Exhibit 7.1
REVIVAL AI LLC
PLAN OF CONVERSION
This Plan of Conversion dated as of August 14th, 2020 (the “Plan”) is made and approved by the Managers and Members of Revival AI LLC, a Colorado limited liability company (the “Converting Entity”), and.
WHEREAS, the Converting Entity was established as a Colorado limited liability company by filing Articles of Organization with the Colorado Secretary of State on January 29, 2018;
WHEREAS, in connection with this Plan, Revival AI Inc., a Colorado corporation (the “Resulting Entity”) is being formed as a Colorado corporation by filing Articles of Incorporation with the Colorado Secretary of State;
WHEREAS, the Members of the Converting Entity own Units of the Converting Entity (“Existing Units”) as set forth on Exhibit A; and
WHEREAS, a conversion (the “Conversion”) of the Converting Entity into the Resulting Entity has been approved by the Managers and Members of the Converting Entity in accordance with the terms and provisions of the Operating Agreement of the Converting Entity and applicable laws of the State of Colorado; and
WHEREAS, at such time as a Statement of Conversion is filed with the Colorado Secretary of State and a Certificate of Conversion is filed with the Colorado Secretary of State (the effective time specified therein being the “Conversion Time”), all of the Existing Units will be automatically converted into shares of Common Stock of the Resulting Entity (the “Resulting Stock”) in accordance with the terms and provisions of this Plan and as set forth on Exhibit B; and
NOW, THEREFORE, in consideration of the mutual promises and covenants contained in this Plan, the parties agree as follows:
1. Exchange and Conversion.
1.1 Conversion. The conversion of the Converting Entity into the Resulting Entity shall not be deemed to affect any obligations of the Converting Entity incurred prior to the conversion to the Resulting Entity or the personal liability of any person incurred prior to such conversion. The Resulting Entity is the same entity as the Converting Entity. The Converting Entity shall not be required to wind up its affairs or pay obligations and distribute its assets, and the conversion shall not be deemed to constitute a dissolution of the Converting Entity and shall constitute a continuation of the existence of the Converting Entity in the form of the Resulting Entity. The conversion shall not be deemed to be a change of control of the Converting Entity for any purpose.

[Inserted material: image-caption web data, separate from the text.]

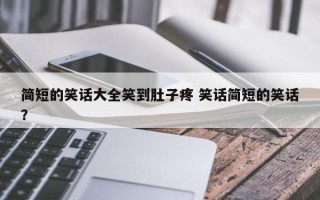 简短的笑话大全笑到肚子疼 笑话简短的笑话？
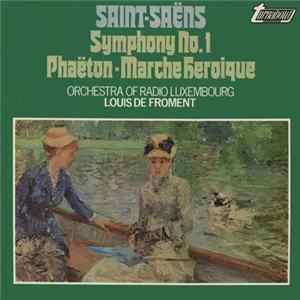 Saint-Saëns, Orchestra Of Radio Luxembourg, Louis De Froment - Symphony No. 1 / Phaëton - Marche Heroique FLAC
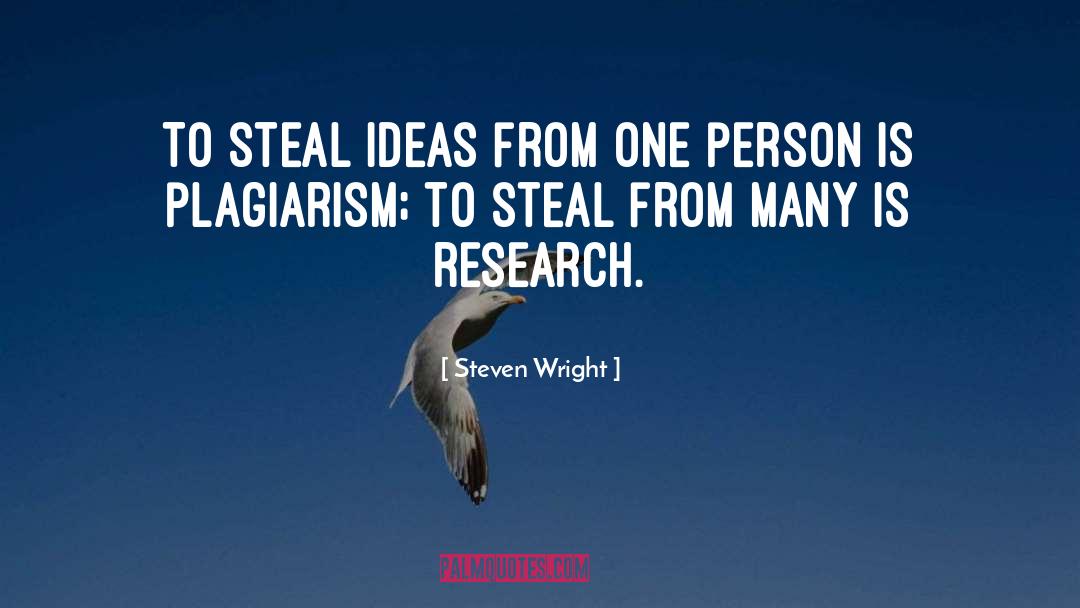 Plagiarism quotes by Steven Wright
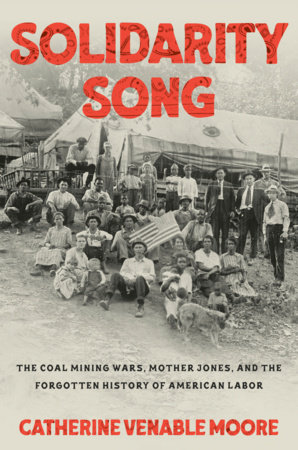 Solidarity Song by Catherine Venable Moore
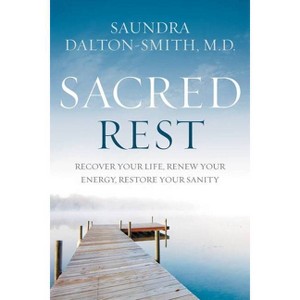 Sacred Rest - by Saundra Dalton-Smith - 1 of 1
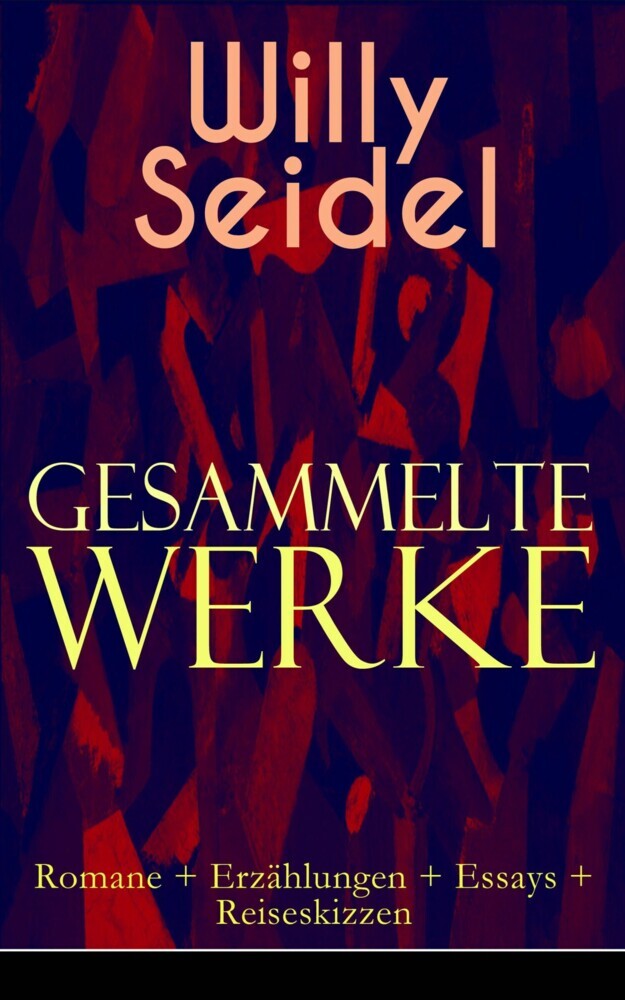 Gesammelte Werke: Romane + Erzählungen + Essays + Reiseskizzen main product photo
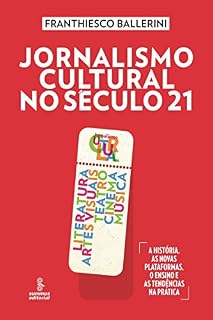 Livro Jornalismo cultural no século 21: Literatura, artes visuais, teatro, cinema, música [A história, as novas plataformas, o ensino e as tendências na prática]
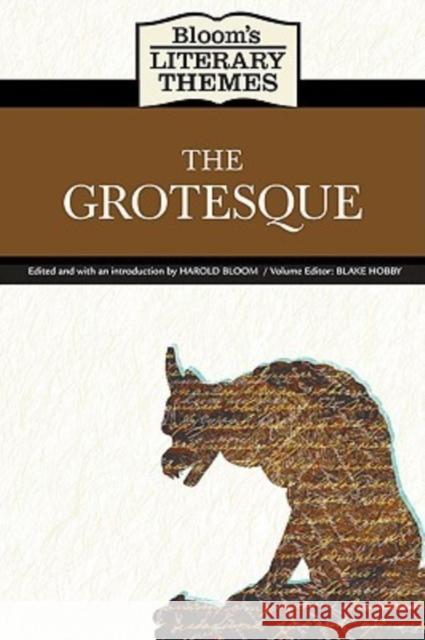 The Grotesque Harold Bloom 9780791098028 Chelsea House Publishers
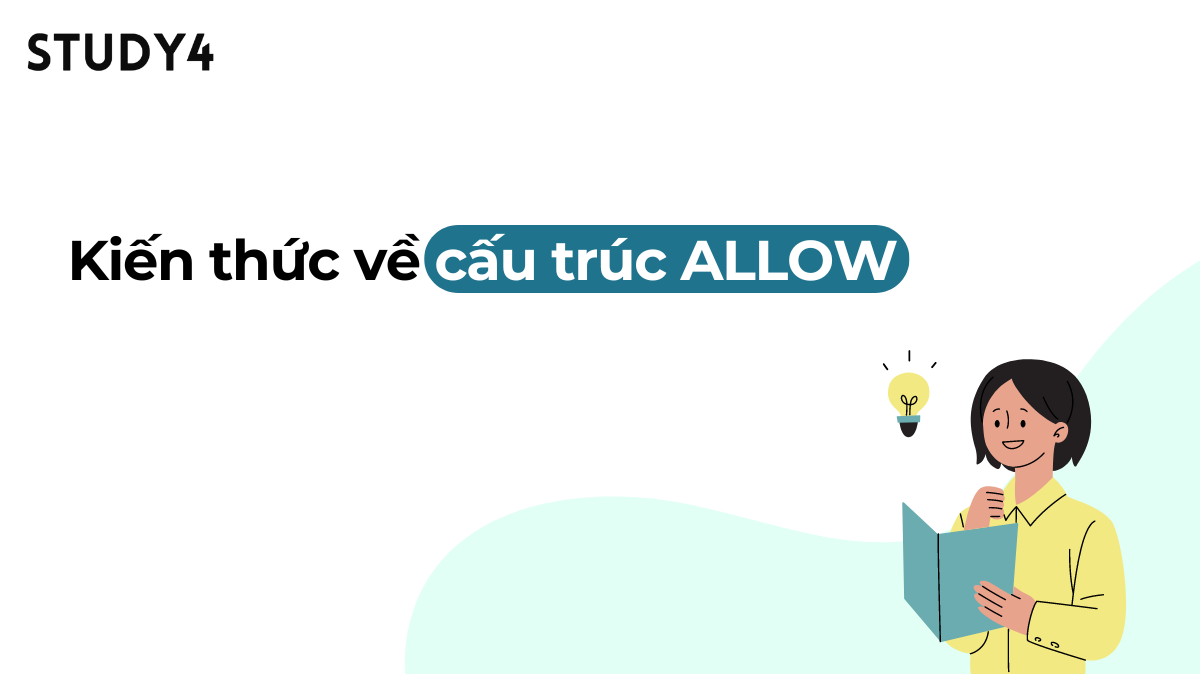 Kiến thức về cấu trúc Allow trong tiếng Anh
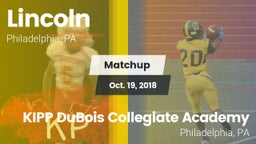 Matchup: Lincoln vs. KIPP DuBois Collegiate Academy  2018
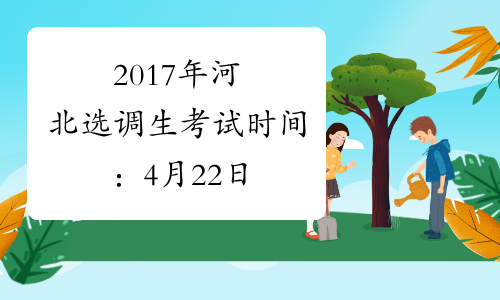 2017年河北选调生考试时间：4月22日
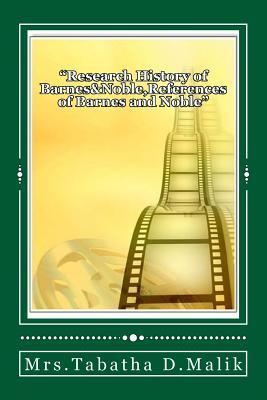 Research History of Barnes&noble, References of Barnes and Noble: History of Barnes& Noble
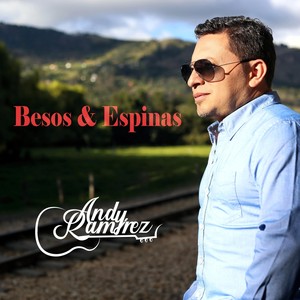 Andy Ramirez - Besos y Espinas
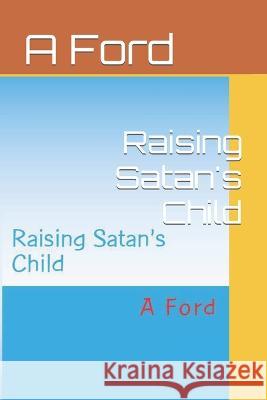 Raising Satan's Child A Ford 9781985005983 Createspace Independent Publishing Platform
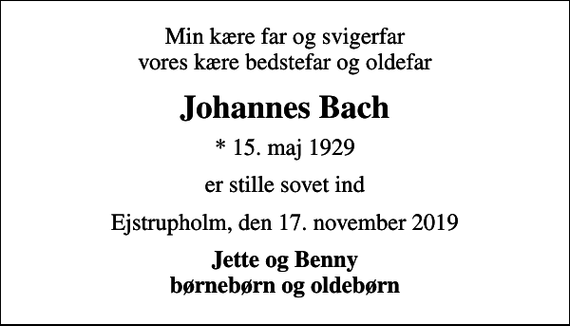 <p>Min kære far og svigerfar vores kære bedstefar og oldefar<br />Johannes Bach<br />* 15. maj 1929<br />er stille sovet ind<br />Ejstrupholm, den 17. november 2019<br />Jette og Benny børnebørn og oldebørn</p>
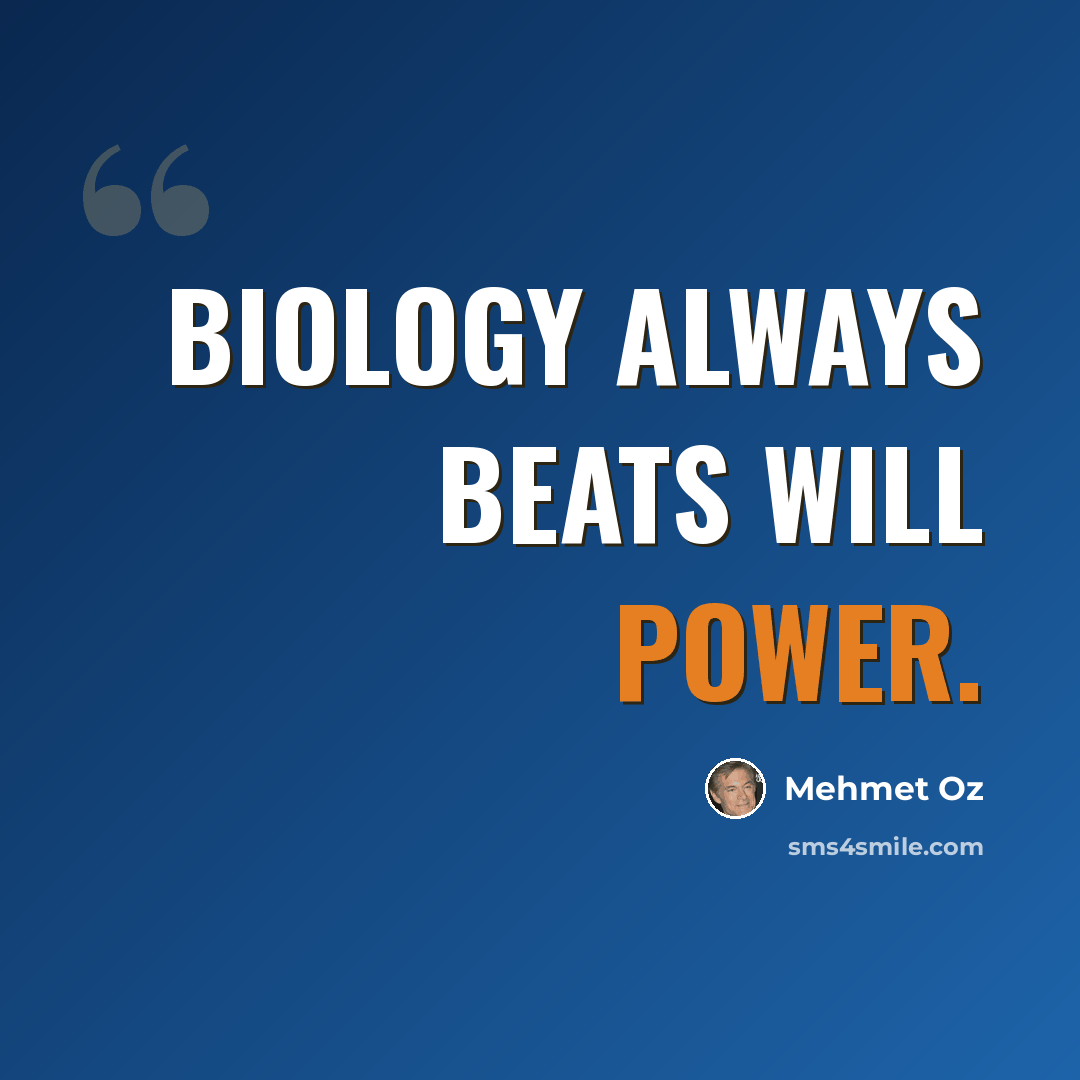 “Biology always beats will power.” quote by Mehmet Oz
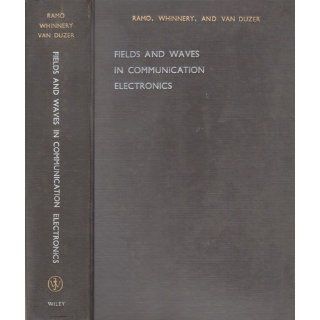 Fields and Waves in Communication Electronics Simon Ramo 9780471707202 Books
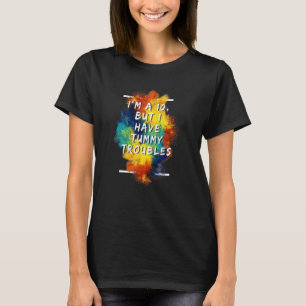 I'm A 10 But I Have Tummy Troubles 1 T-Shirt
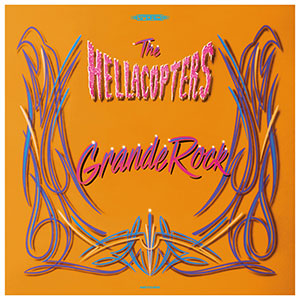 Hellacopters, The - Grande Rock Revisited 2xLP - Click Image to Close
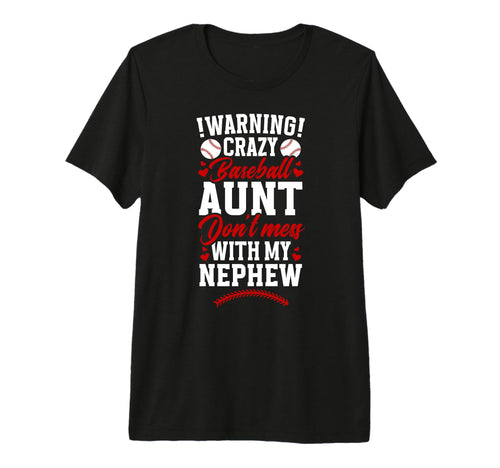 Crazy Baseball Aunt Baseball Player T-Shirt - Custom Art Print for Adults - T-Shirt, Sweatshirt, Hoodie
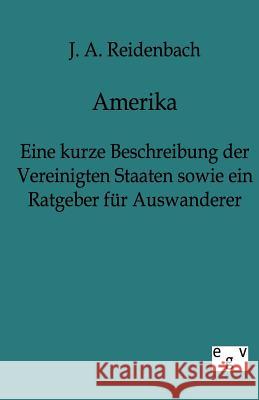 Amerika Reidenbach, J. A. 9783863821913 Europäischer Geschichtsverlag - książka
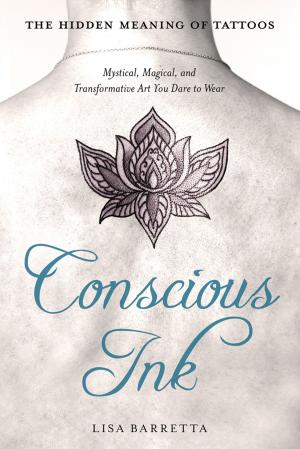 Cover of the book Conscious Ink: The Hidden Meaning of Tattoos by Jeremy Goldman, Ali Zagat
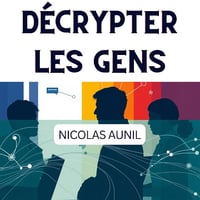 Décrypter les Gens: Les Signaux Invisibles du Langage Corporel: Guide Complet pour comprendre les Gestes de vos Interlocuteurs - Nicolas Aunil (2025)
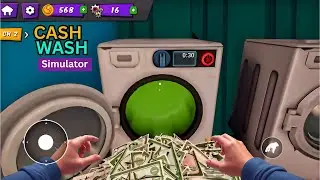 Cash Wash Simulator 3D (Early Access) Android Gameplay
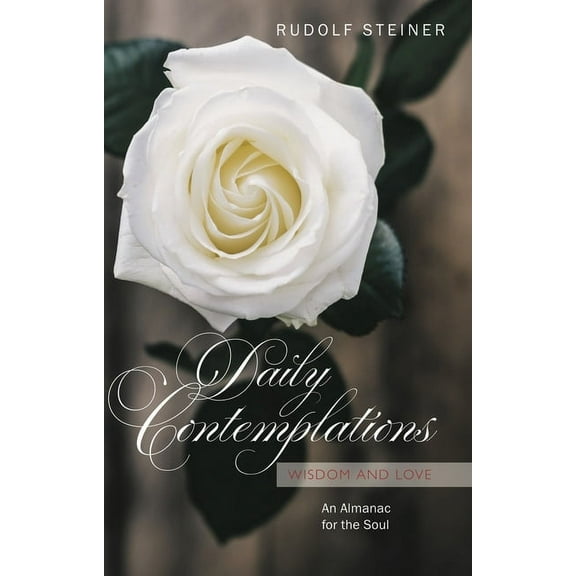 Daily Contemplations: Wisdom and Love: An Almanac for the Soul, (Paperback)
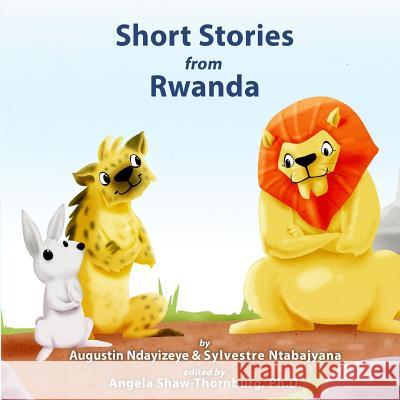 Short Stories from Rwanda Augustin Ndayizeye 9780996003391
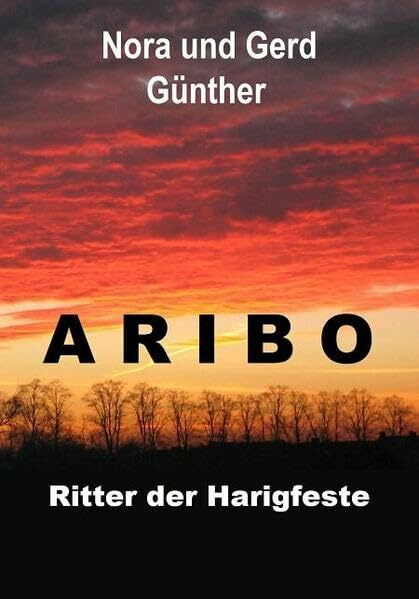 Aribo: Ritter der Harigfeste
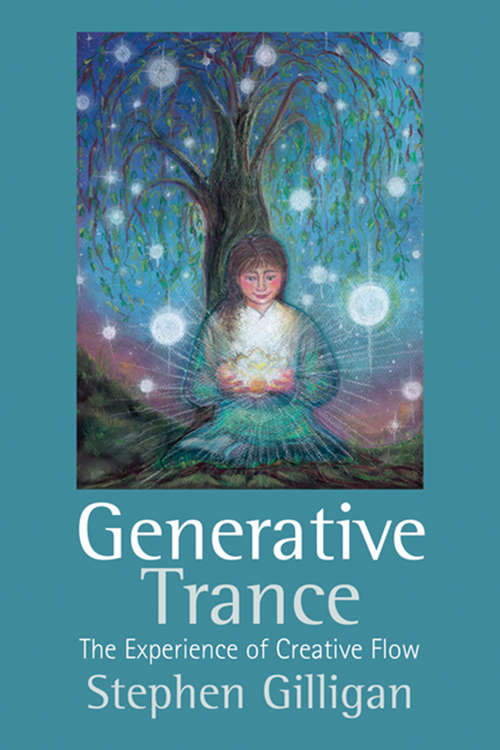 Book cover of Generative Trance: The experience of Creative Flow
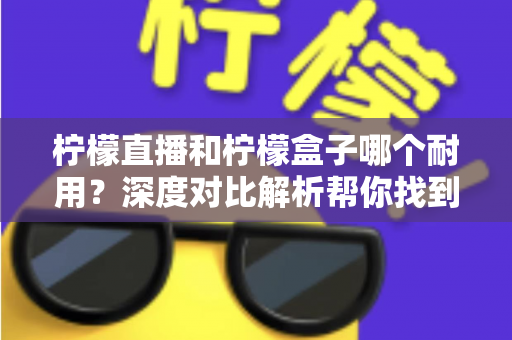 柠檬直播和柠檬盒子哪个耐用?深度对比解析帮你找到答案 柠檬直播和柠檬盒子哪个耐用?深度对比解析帮你找到答案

1.2 Existing Units into Stock. In connection with the Conversion, the Members’ Existing Units shall be converted into the Resulting Stock as set forth on Exhibit B.
1.3 Exchange and Conversion Mechanics.
(a) After the Conversion Time, the Members shall be entitled to receive in exchange for their Existing Units, in accordance with the terms and conditions of this Plan, the shares of Resulting Stock as set forth in Exhibit B.
(b) Shares of stock issuable in the Conversion shall be issued only in the name of the person or entity in whose name the Existing Units are registered or any affiliate of such person reasonably acceptable to the board of directors of the Resulting Entity.
1.4 No Right to Additional Consideration. The Members shall not be entitled to any consideration upon the exchange or conversion of their Existing Units other than the shares of Resulting Stock to which he/she/it is entitled pursuant to the terms of this Plan.
1.5 Fractional Shares, Etc. No certificates or script representing fractional shares of Resulting Stock shall be issued to the Members hereunder and all fractional shares shall be rounded down to the nearest whole share.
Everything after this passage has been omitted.